* Source data *
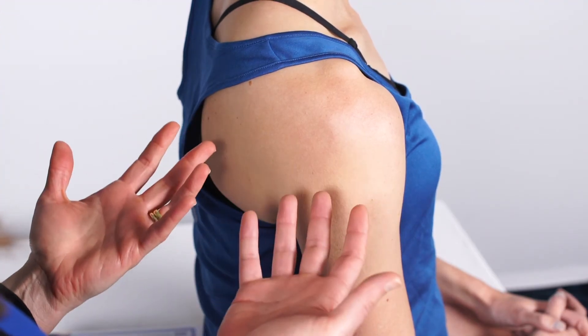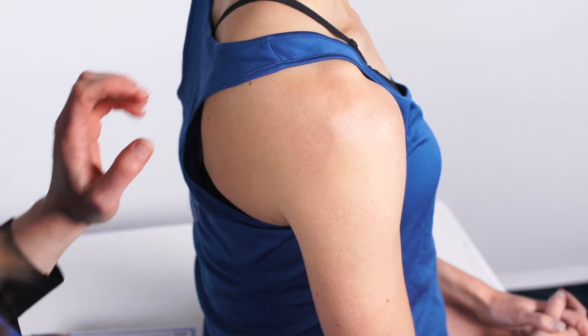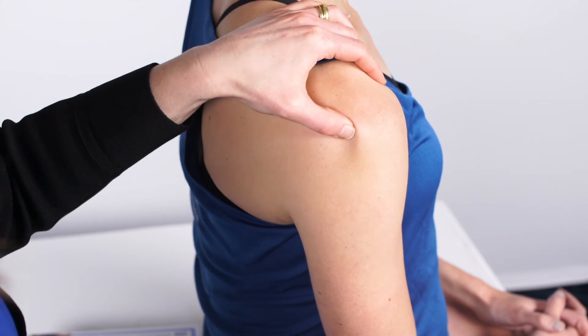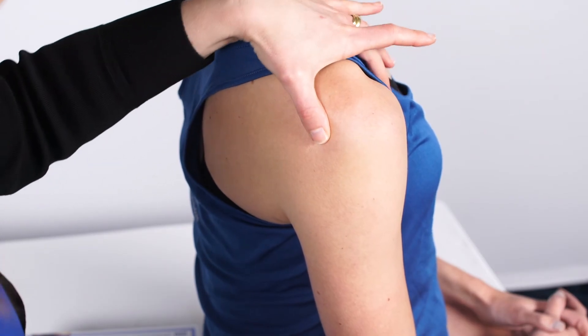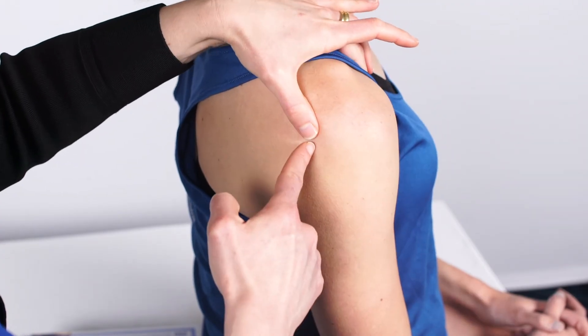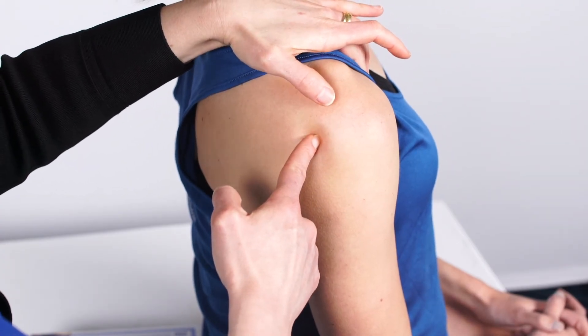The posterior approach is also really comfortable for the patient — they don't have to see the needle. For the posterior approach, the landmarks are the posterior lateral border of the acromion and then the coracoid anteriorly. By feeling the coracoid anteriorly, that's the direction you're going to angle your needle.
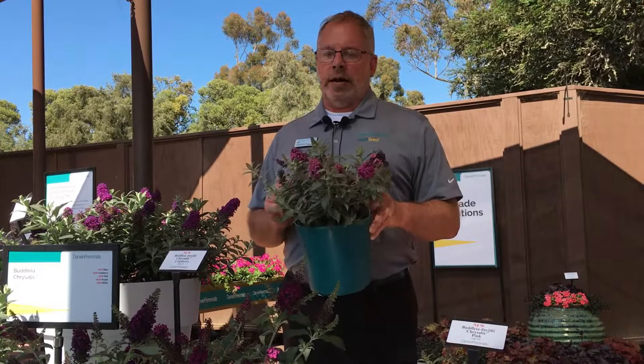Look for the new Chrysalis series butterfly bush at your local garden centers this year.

---

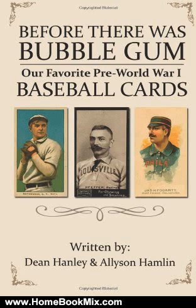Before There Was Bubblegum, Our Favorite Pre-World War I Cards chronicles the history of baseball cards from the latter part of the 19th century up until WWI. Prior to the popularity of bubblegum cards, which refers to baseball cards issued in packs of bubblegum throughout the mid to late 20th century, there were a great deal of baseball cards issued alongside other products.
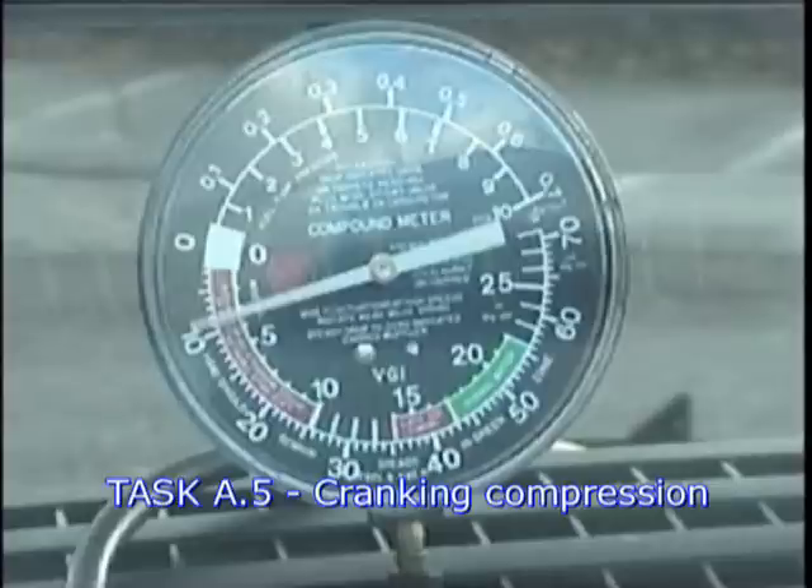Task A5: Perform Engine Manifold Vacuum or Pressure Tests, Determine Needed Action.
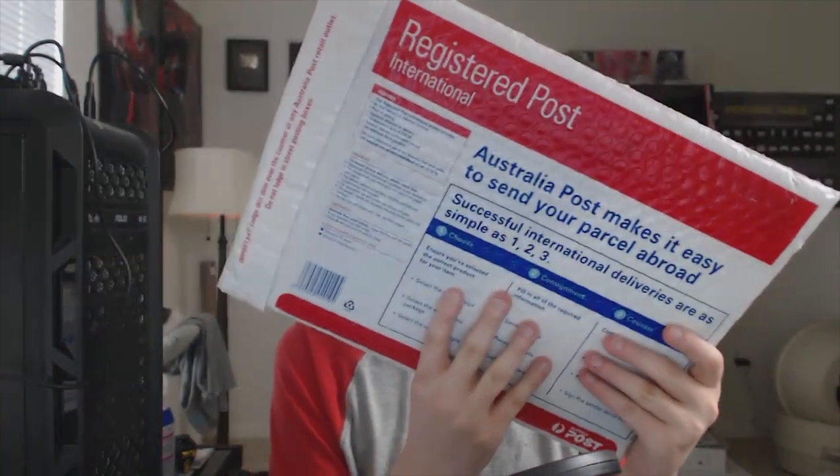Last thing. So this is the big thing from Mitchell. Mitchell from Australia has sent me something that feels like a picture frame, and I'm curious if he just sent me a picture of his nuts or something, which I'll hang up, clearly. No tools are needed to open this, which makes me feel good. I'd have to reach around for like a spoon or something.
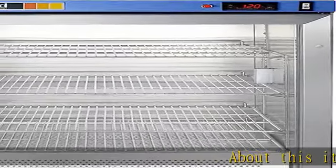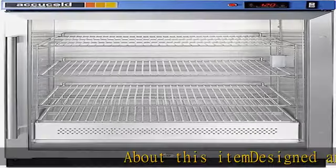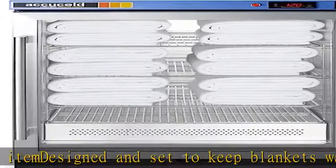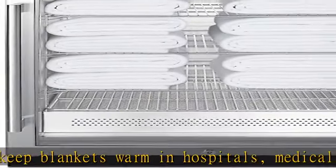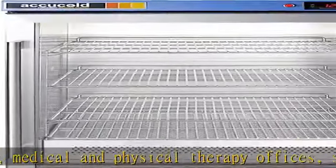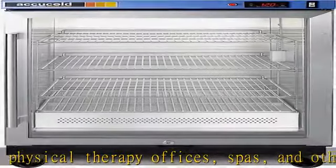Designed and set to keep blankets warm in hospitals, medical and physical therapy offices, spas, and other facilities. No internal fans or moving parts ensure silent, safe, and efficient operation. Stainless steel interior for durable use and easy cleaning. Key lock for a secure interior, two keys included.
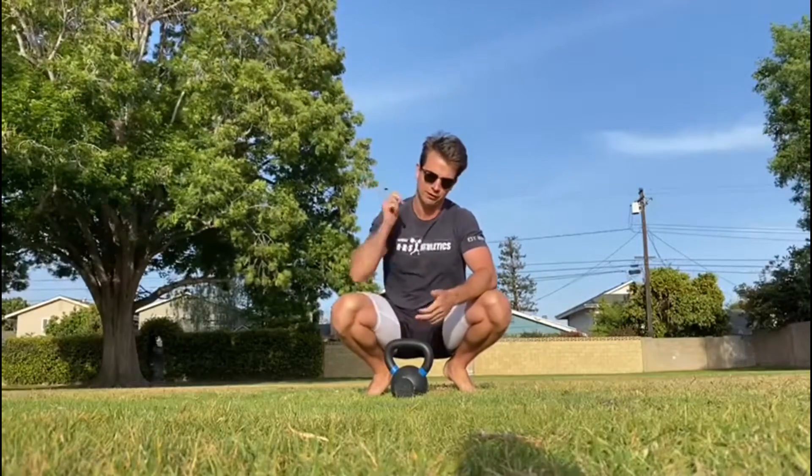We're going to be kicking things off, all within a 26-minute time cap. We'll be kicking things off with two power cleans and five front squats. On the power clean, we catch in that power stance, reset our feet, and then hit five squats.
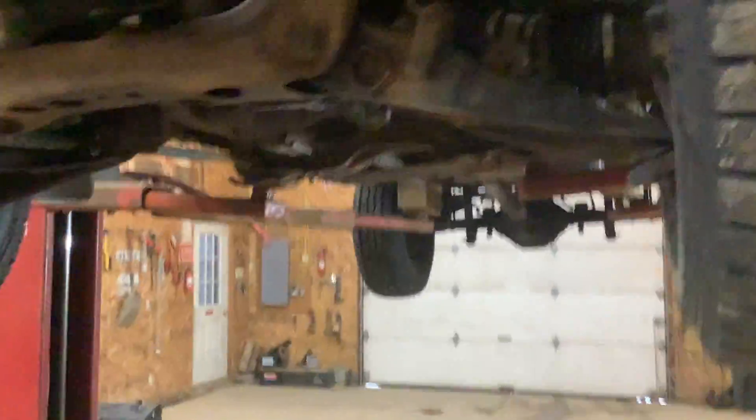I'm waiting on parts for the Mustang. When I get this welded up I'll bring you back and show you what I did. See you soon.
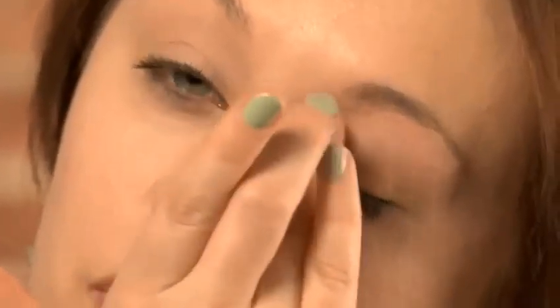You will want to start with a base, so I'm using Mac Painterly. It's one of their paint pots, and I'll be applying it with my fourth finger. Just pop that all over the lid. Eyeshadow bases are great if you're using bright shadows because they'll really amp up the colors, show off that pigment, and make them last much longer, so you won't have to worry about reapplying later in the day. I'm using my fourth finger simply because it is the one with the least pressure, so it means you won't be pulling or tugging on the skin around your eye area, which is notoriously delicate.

==

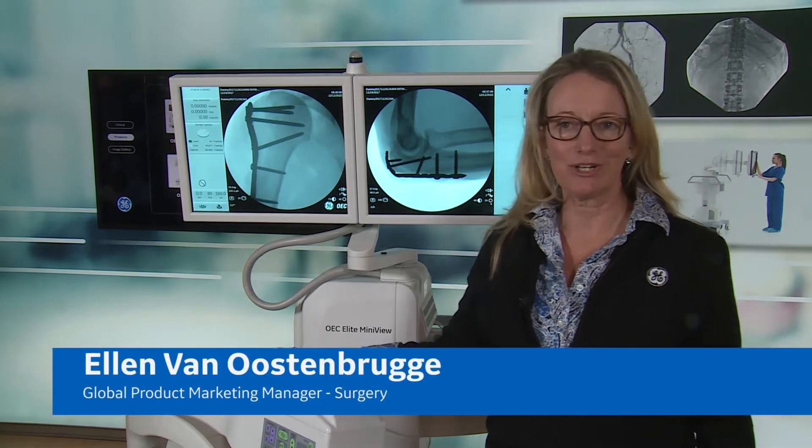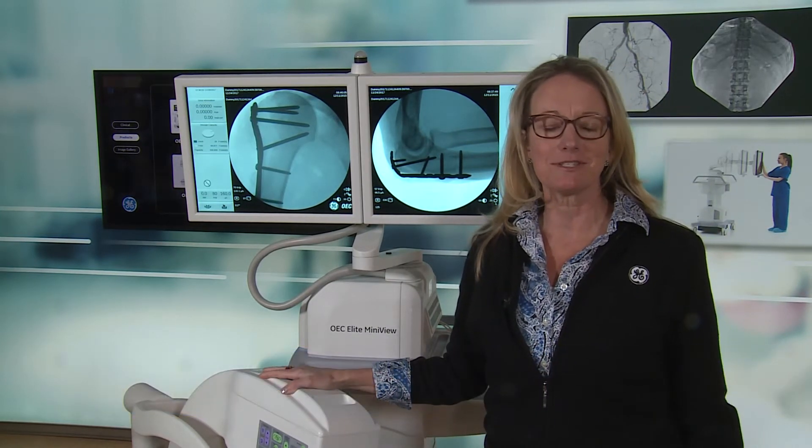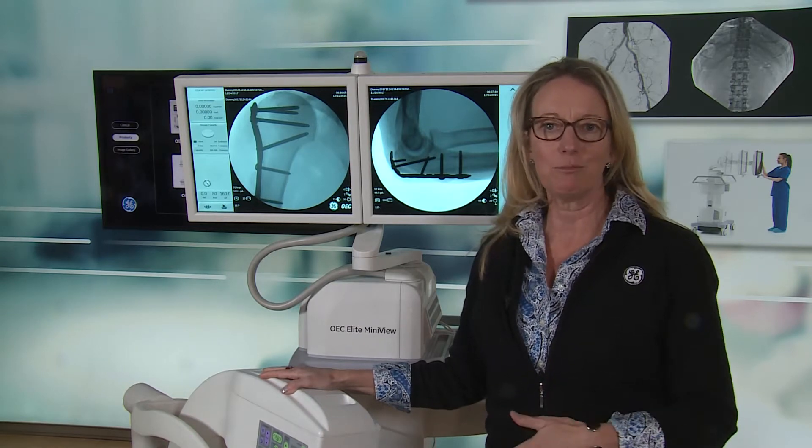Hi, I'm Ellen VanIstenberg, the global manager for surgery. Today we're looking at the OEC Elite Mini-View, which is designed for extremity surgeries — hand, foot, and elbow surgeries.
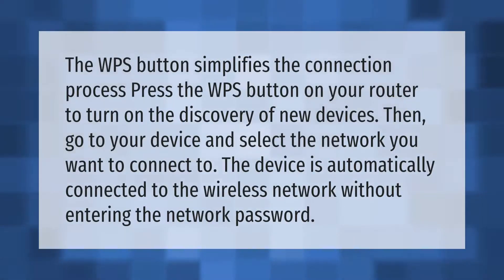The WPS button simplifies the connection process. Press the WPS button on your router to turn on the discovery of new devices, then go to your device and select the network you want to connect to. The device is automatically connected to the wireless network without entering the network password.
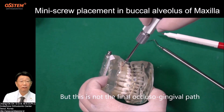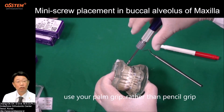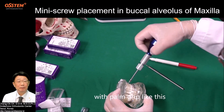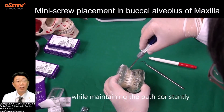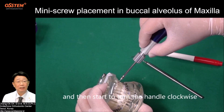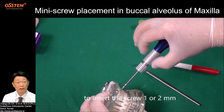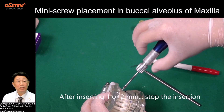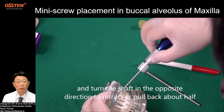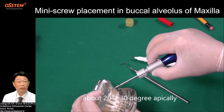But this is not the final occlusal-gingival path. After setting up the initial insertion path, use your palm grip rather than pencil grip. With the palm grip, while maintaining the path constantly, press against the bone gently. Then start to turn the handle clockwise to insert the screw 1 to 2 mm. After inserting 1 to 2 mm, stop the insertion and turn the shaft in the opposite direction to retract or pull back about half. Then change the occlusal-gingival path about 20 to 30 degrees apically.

* Task statement *
I would like the exact lines from the data above, starting with the one that holds "The posterior approach is" and going on through the one that holds "Look for the", without the pictures.

* Exercise output *
The posterior approach is also really comfortable for the patient — they don't have to see the needle. For the posterior approach, the landmarks are the posterior lateral border of the acromion and then the coracoid anteriorly. By feeling the coracoid anteriorly, that's the direction you're going to angle your needle.
Look for the new Chrysalis series butterfly bush at your local garden centers this year.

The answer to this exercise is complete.